Firma BitTorrent Inc. ciągle stara się dotrzeć do artystów i przekonać ich, że warto udostępnić swoje utwory w P2P. Przypomnijmy tu, że BitTorrent nie od dziś współpracuje z artystami, którzy chcą się promować poprzez tzw. BitTorrent Bundle. Są też plany wprowadzenia paywalla od BitTorrenta.
Oczywiście, aby przekonać do siebie artystów, BitTorrent musi prowadzić pewną działalność promocyjną. W tym kontekście warto zwrócić uwagę na prezentację firmy, która opisuje możliwości BitTorrent Bundle (zamieszczamy ją także pod tekstem).
Z prezentacji wynika m.in. że ponad 10 tys. wydawców już skorzystało z BitTorrent Bundle. Obejmowało to 2 mln tytułów i zaowocowało licznymi pobraniami treści (100 mln). Dodajmy, że BitTorrent ma w rzeczywistości więcej użytkowników miesięcznie niż Spotify, a dociera do ludzi młodych i aktywnych.

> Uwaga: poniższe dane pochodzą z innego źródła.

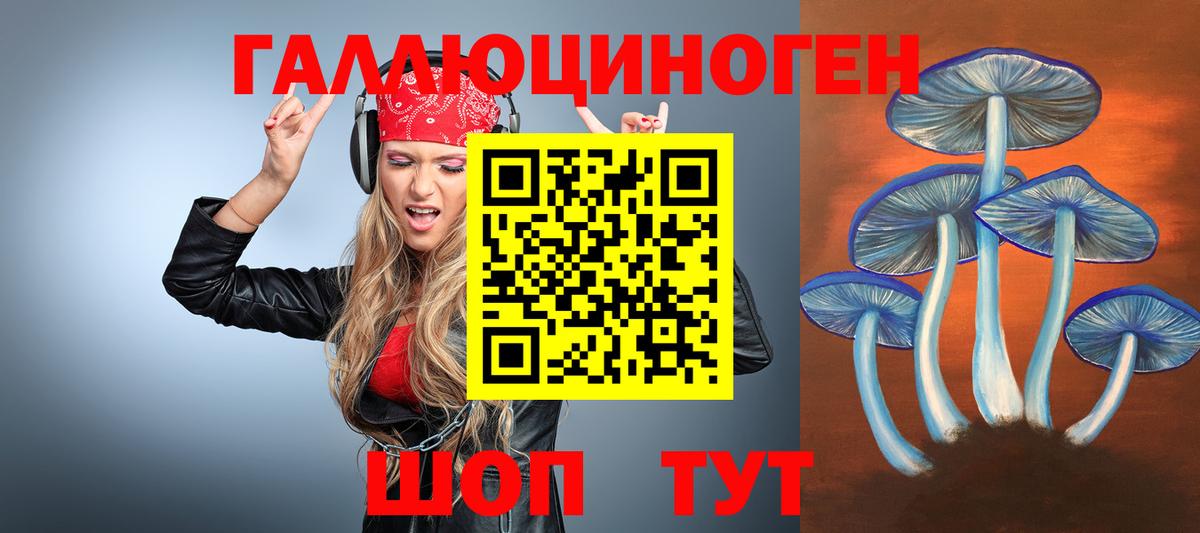 Галлюциногенные грибы GOLDEN TEACHER Новоалтайск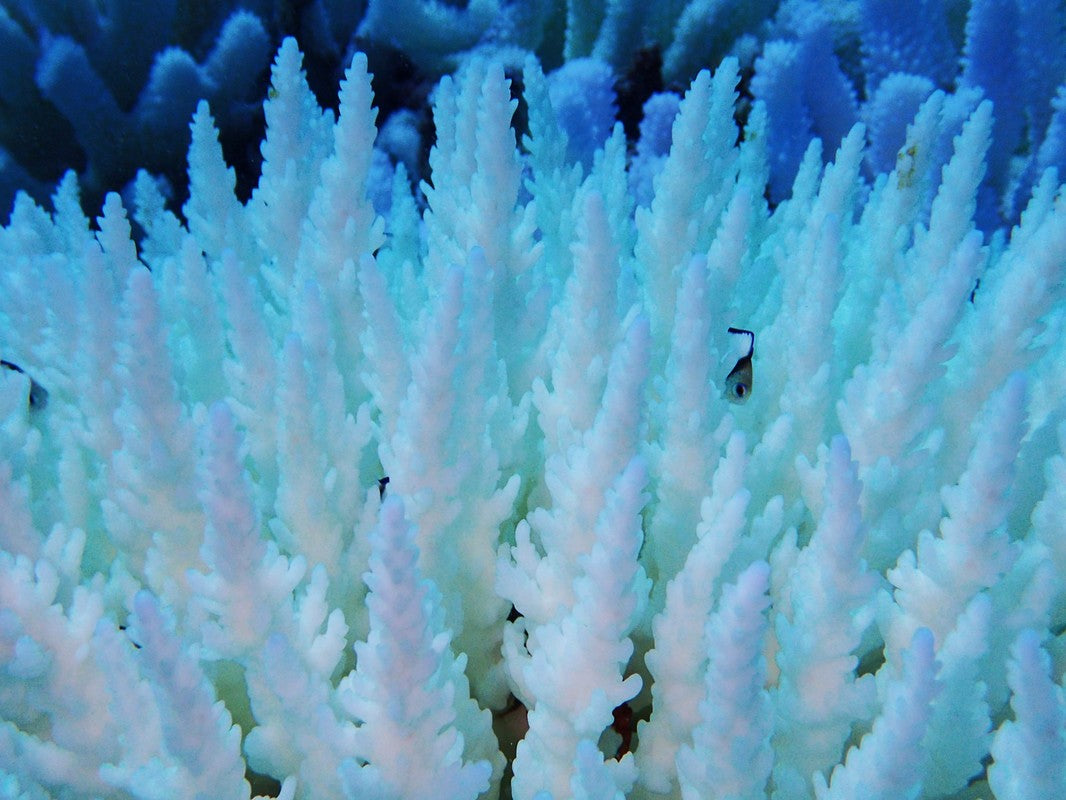 How +2°c can kill a coral reef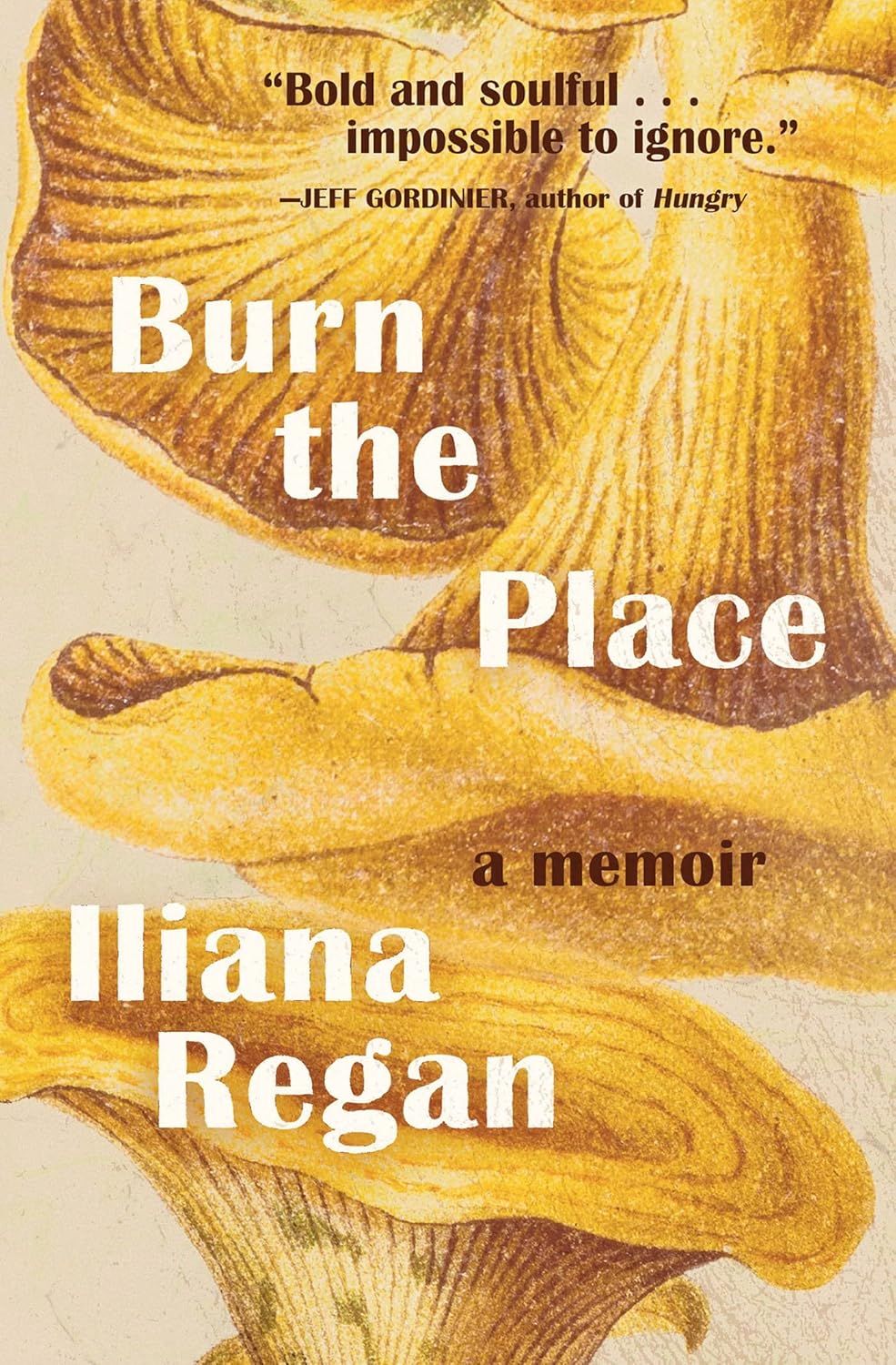 a graphic of the cover of Burn the Place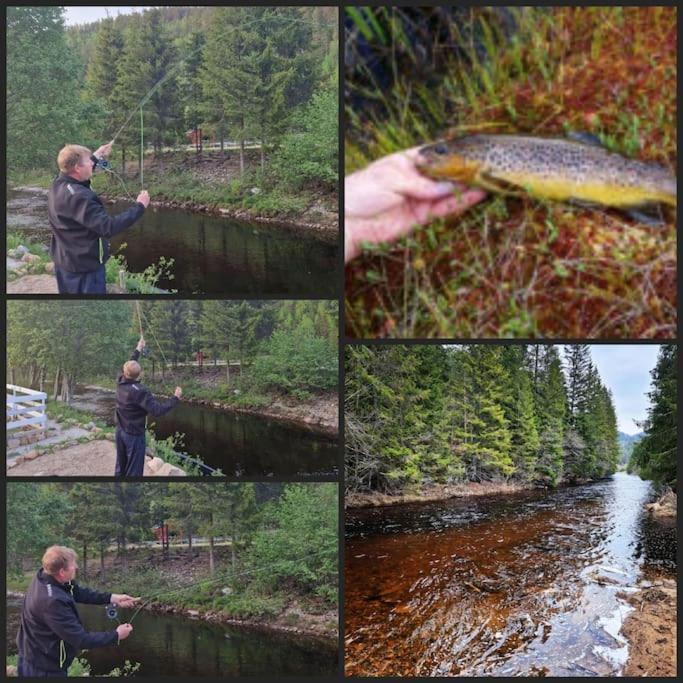 River Run Ranch - Telemark Drangedal Exteriér fotografie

Najwięcej emocji w prasie wzbudził 12. slajd prezentacji, który mówi, że użytkownicy BitTorrenta 33% częściej płacą za całe albumy online i 100% częściej płacą za subskrypcje usług muzycznych.
Wygląda to dość efektownie, choć nie podano źródła informacji. Prawdopodobnie BitTorrent wykorzystał dane z artykułu TorrentFreaka z roku 2010, który z kolei bazuje na jeszcze wcześniejszych badaniach firmy Jupiter Research, przeprowadzonych na zlecenie IFPI. Te badania nie dotyczyły wyłącznie społeczności BitTorrenta, ale w ogóle osób dzielących się plikami w sieci.
Musimy uczciwie powiedzieć, że firma BitTorrent posłużyła się nieaktualnymi danymi w dość tendencyjny sposób. Gdyby coś takiego zrobiła organizacja antypiracka, ostro byśmy ją skrytykowali. Musimy skrytykować również BitTorrenta, chociaż... możemy się pokusić o bronienie go. Te przestarzałe dane nie przekreślają sensu takich inicjatyw jak BitTorrent Bundle. Ukazują też pewną istotną prawdę.
Prawdą jest, że użytkownicy P2P nie są tylko i wyłącznie "piratami". Są to nabywcy muzyki i filmów, którzy czasem płacą, a czasem nie. Dziennik Internautów pisał o nieco świeższych badaniach organizacji American Assembly, która w roku 2012 donosiła, że piraci kupują więcej niż nie-piraci oraz posiadają generalnie większe kolekcje muzyczne.
Nawet jeśli firma BitTorrent sięgnęła po przestarzałe dane, chciała uświadomić artystom istotną rzecz. Człowiek korzystający z P2P jest potencjalnym klientem. Ma jakieś pieniądze i może zapłacić. Najpierw jednak trzeba jakoś go do tego przekonać, a nazywanie go piratem i złodziejem nie jest najlepszą strategią sprzedażową.
Skoro już mowa o raportach sprzed lat, to warto zwrócić uwagę na badania polskiego Centrum Cyfrowego Projekt:Polska z roku 2013.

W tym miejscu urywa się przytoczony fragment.